One wonders whether Engel's training analysis followed by many years of self-analysis contributed to his longevity. At a university dinner honouring his twin brother in 1957, someone noted that Frank was declining high cholesterol foods; this led to a discussion of how anyone could ever evaluate the outcome. Frank declared that he had a control in his twin brother; ‘We'll see who gets the coronary first.’ George responded, ‘Yes, indeed, but you forget that I have been analysed, you have not!’ Engel's confidence in analysis as a protective factor is now supported by recent evidence that male psychoanalysts have a mortality rate 48% lower than that of the white male population at large, and significantly lower than the mortality rate for comparison groups of male physicians and male psychiatrists and neurologists [74].
Epilogue
Engel [14, 75] was a strong advocate for crossfertilization between psychoanalysis and other disciplines.
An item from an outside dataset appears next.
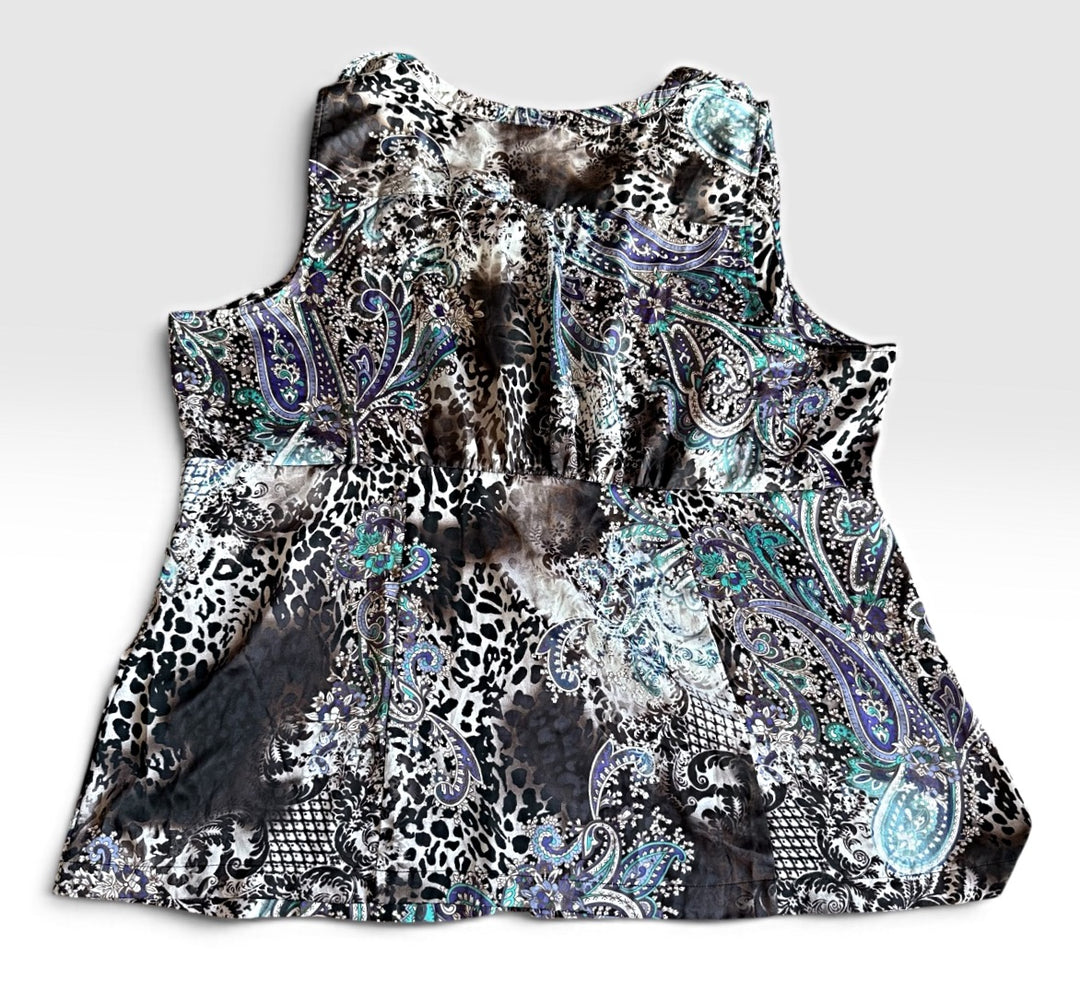 Lane Bryant Preowned great condition Size 24 black/purple/teal Top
While he successfully integrated many psychoanalytic methods and concepts into his work in internal medicine and psychiatry, he also often reminded psychoanalysis that affects and other mental phenomena evolve from the body and that the discipline can be enriched by findings from biological and infant observational research [66, 76, 77]. Engel viewed the human organism as a psychobiological entity that is constantly open to influencing and being influenced by its environment and the people in it. He rejected the term ‘psychosomatic disease’ since it implies a special class of diseases of psychogenic aetiology, and asserted that the basic task of psychosomatic research is to identify psychosocial factors that alter individual susceptibility to any disease [78, 79]. His psychoanalytically informed studies of Monica and of the setting of disease onset, and his formulation of the giving up – given up complex, collectively advanced the field of psychosomatic medicine by opening a new approach to research on how psychosocial variables might dysregulate biological processes and thereby alter susceptibility to disease. Although psychoanalysis no longer occupies a central place within the field of psychosomatic medicine, Engel's research paved the way for studies in developmental biology, which have provided further evidence that attachment relationships function as external biological regulators during early development [17–19, 80]. It remains for other psychoanalytically orientated psychosomatic researchers to evaluate whether the mental representations of relationships might also come to serve as biologic regulators throughout life [80, 81], and whether variations in the quality of these representations contribute to individual differences in the ability to modulate the impact of losses and other stressful environmental events on bodily processes.